__WHAT IS REQUIRED__: Copy exactly. Begin with the line that contains "Max Mara Gewatteerde parka met riem Bruin" and stop after the last line of the records.

::: LISTED ENTRIES

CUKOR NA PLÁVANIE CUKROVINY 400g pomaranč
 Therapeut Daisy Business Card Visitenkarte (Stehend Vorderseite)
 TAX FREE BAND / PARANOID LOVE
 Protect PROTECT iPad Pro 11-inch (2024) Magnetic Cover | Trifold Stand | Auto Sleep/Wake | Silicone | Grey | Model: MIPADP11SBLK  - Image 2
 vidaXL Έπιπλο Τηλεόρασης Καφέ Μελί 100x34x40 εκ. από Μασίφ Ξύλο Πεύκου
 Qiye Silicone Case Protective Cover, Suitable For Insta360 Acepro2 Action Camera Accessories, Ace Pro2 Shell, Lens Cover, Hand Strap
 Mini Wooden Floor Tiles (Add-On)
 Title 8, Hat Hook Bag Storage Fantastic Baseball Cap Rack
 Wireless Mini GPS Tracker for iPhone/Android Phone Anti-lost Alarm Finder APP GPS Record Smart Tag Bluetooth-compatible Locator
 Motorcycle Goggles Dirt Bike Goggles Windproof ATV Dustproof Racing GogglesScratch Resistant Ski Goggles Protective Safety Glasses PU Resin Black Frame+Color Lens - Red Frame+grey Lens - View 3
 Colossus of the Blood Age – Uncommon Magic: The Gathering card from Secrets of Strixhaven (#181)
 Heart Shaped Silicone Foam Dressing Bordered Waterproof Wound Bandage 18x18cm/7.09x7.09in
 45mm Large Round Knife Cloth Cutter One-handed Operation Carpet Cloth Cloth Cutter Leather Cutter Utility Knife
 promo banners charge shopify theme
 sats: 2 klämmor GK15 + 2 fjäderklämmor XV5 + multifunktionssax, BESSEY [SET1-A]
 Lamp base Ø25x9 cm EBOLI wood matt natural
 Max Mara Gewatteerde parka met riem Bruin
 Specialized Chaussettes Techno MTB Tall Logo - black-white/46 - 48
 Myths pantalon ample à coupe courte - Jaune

::::::

__PROBLEM SOLUTION__:
 Max Mara Gewatteerde parka met riem Bruin
 Specialized Chaussettes Techno MTB Tall Logo - black-white/46 - 48
 Myths pantalon ample à coupe courte - Jaune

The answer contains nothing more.